Step 1: Query the mart for Carlos's questions
Carlos needs three things from this data: production totals by collection point, quality grade distribution across the cooperative, and the ability to look up any beekeeper's history. The pipeline you built and verified can answer all three. Now you need the queries.
Direct Claude Code to produce them:
Write three queries against fct_harvests:
1. Total harvests, total weight in kg, and total revenue by collection point — sorted by revenue descending.
2. Quality grade distribution — count and percentage for each grade.
3. A beekeeper history lookup — all records for a single beekeeper, sorted by date. Use "Amina Cossa" as the example.
Run them. The numbers should match everything you verified in Units 4 and 5 — same row counts, same revenue top-3, same grade distribution. These are not new checks. They are the same verified numbers, presented in the format a cooperative manager can use.
Step 2: Present the results to Carlos
Open the chat with Carlos. Share what the pipeline produced: twelve collection points consolidated into one queryable database, production totals by region, grade breakdowns, and beekeeper-level traceability.
Carlos responds warmly. He has been waiting for this — scattered spreadsheets made it impossible to answer buyer questions about where the honey came from or how much each collection point produced. Now he can.
He pulls up a name — one of the beekeepers in Gorongosa North — and asks about their history. The beekeeper lookup query answers it immediately. He notices production patterns across the collection points that were invisible when the data lived in separate files.
Then he asks: "Could we also calculate the average price we pay per kilo by region? I have been wondering if we are paying fairly across the collection points."
Step 3: Add the average price per kilo
This is a reasonable addition. The data already contains price and weight for every harvest record. The calculation is straightforward — average the price per kilo, grouped by collection point.
Direct Claude Code to add it:
Add average price paid per kilo by collection point to the production summary query. Use price_per_kg from fct_harvests, grouped by collection_point. Round to two decimal places.
Run the updated query and check the result. Each collection point should show a plausible average — the prices will vary by region, which is exactly what Carlos wants to see. If any collection point shows a number that looks wildly different from the others, check whether the weight standardization from the staging layer handled that region's data correctly.
Step 4: Share the updated results with Carlos
Send Carlos the updated output with the average price column included. He can now see which collection points pay more or less per kilo — and whether the differences are large enough to investigate.
Carlos is satisfied. The consolidated database gives him what he needed: traceability for the buyers in Maputo, production visibility across all twelve collection points, and now a view into pricing fairness. He mentions that the buyer certifications will be much easier with this data in one place.
Step 5: Write the README
A repository without a README is a list of files with no explanation. Anyone visiting the repo -- including you, three months from now -- has no idea what the pipeline does or how to run it. The README is the front door.
Direct Claude to write a README for the project: "Write a README.md that describes what this pipeline does, what data it consolidates, how to run it, and what the expected output looks like. Keep it concise."

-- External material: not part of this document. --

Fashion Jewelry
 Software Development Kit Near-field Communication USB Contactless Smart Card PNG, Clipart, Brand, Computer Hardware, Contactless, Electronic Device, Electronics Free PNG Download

Review what Claude produces. Does it accurately describe what the pipeline does for Carlos and Mel do Sofala? Does it mention the twelve collection points, the deduplication logic, and how to re-run the pipeline when new data arrives? If the README describes something you did not build, fix it before committing.
Step 6: Commit and push
The pipeline works. The output is verified. The client is satisfied. One thing remains: the work exists only on your machine. A pipeline that is not committed is a pipeline that can be lost -- and that nobody else can review or run.
Direct Claude Code to commit and push:
Commit all the work to git with a clear message describing what the pipeline does. Then push to GitHub.
The commit should include the SQL scripts for staging and mart, the source data in materials/, and any other files the pipeline needs to run. The commit message should describe what the pipeline does and for whom — not just "add files" but something that tells a future reader what this project built.
Review the commit before pushing. Does the repository contain everything someone would need to understand and run this pipeline? The SQL scripts, the source data, the verification checklist, the project documentation. If anything is missing, add it and amend the commit.
Step 7: Close the project
Push to GitHub. The repository now contains a working, verified pipeline that consolidates harvest data from twelve collection points into a single queryable database for Mel do Sofala.
Check what the repository looks like from the outside:
git log --oneline
The commit history should tell the story of the work — loading data, building staging, building the mart, fixing the deduplication key, fixing the idempotency issue, adding the average price query. A reader who looks at the log should understand what was built and how it progressed.
That is a completed project. Scattered spreadsheets are now consolidated, verified data. Carlos can answer buyer questions about traceability. The pipeline can be re-run safely when next quarter's data arrives.
Check your understanding: The repository contains: SQL scripts for staging and mart, the source data, a README that describes the pipeline, and a commit history that shows the progression of work.